You should also understand that even when feeding a “complete feed”, horses often are still not getting (or absorbing) all the nutrients they need in the proper amounts. This is because many natural minerals and enzymes get destroyed during the cooking and pelleting process. Manufacturers must then supplement with synthetic and chemical minerals or vitamins to replace those that were destroyed. Unfortunately, many of these un-natural ingredients are typically absorbed at very low rates. On top of that, if you are not feeding the recommended amount of a “complete feed” product, your horse will still not get the proper amount of nutrients, regardless of bioavailability.

Furthermore, according to The Health Moderator, U.S. agricultural soil has been depleted of 85 percent of its minerals and vitamins during the last 100 years. This means many of the plants, grasses and hays our horses eat are likely mineral-depleted.

The Importance of Getting it Right

There is an optimal range (sometimes wider, sometimes more narrow) for each vitamin and mineral required by the horse’s body. The toxicity that can result from stepping past the upper limit of that range is often no less dangerous to a horse’s health than the deficiency caused by failing to meet the lower threshold. Therefore, it is always recommended to consult a veterinarian or equine nutritionist before supplementing with any vitamin or mineral. Alternatively, you can use a program like FeedXL to input the details of your horse’s diet and run a report that will highlight any potentially dangerous deficiencies or excesses.

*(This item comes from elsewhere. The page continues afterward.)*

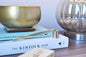 Brushed Gold Engraved Candle Snuffer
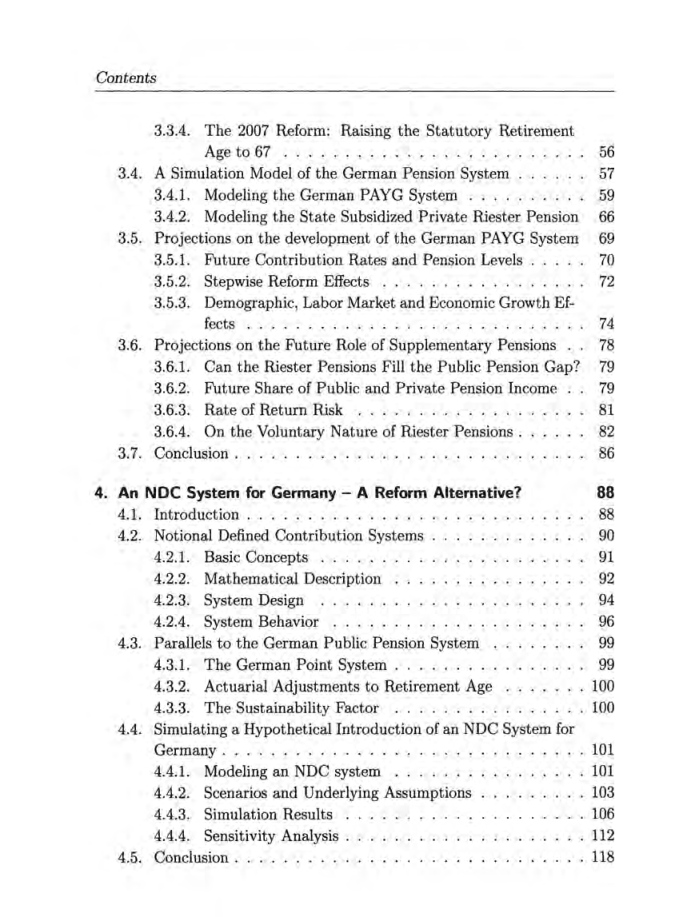 German Pension Reform - Page 4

The balance of certain minerals whose specific ratio to one other is required to optimize the horse’s health and well-being is also critical. Calcium and phosphorus are the most widely recognized of these pairs, but sodium and chloride must also be fed in the proper ratios.

Symptoms of Deficiencies

Calcium deficiency (which can be caused by excess phosphorus in the diet) can result in abnormal bone development in young horses, osteomalacia or osteoporosis in older horses, hyperparathyroidism (“big head disease”), loose teeth, and weight loss. These same symptoms may also be caused by phosphorus deficiency.

An insufficient quantity of magnesium in the body is believed to be a possible causal factor in excitability and muscle tremors or cramping. It may also play a role in insulin resistance and equine metabolic syndrome.

Potassium deficiency can result in muscle cramps and/or weakness, fatigue, impaired ability to sweat, and decreased response to thirst.

Copper deficiency in horses is rare, but has been implicated in developmental orthopedic disease in young horses as well as arterial ruptures and chronic anemia. Loss of pigment in the hair coat may also be a sign of a deficiency.

Inadequate amounts of iodine in a horse’s body may result in a goiter (an enlarged thyroid gland) on the underside of the throat along the jaw. Other signs of an iodine imbalance include poor coat and hair loss, lethargy, low body temperature, and increased susceptibility to infectious diseases. Iodine-deficient mares also tend to give birth to stillborn or weak foals.

Mild selenium deficiencies can present with subtle signs such as poor coat quality, work intolerance, and reduced immune function. Gross deficiency can result in cardiovascular problems, muscle disorders such as “typing up,” cataracts, and impaired reproductive function.

Zinc deficiency can cause low insulin levels and reduced glucose tolerance leading to increased insulin resistance. Inadequate levels of zinc might also result in poor coat and hoof quality, reduced immune function, and increased likelihood of developmental orthopedic disease in foals.

Additional disorders that can result from nutritional deficiencies include night blindness, tearing of the eyes, bone and muscle growth defects, reproductive problems, thin or shelly hooves, defective calcification of the bones (rickets or osteomalacia), muscle wastage and malformation, and increased susceptibility to disease and infection.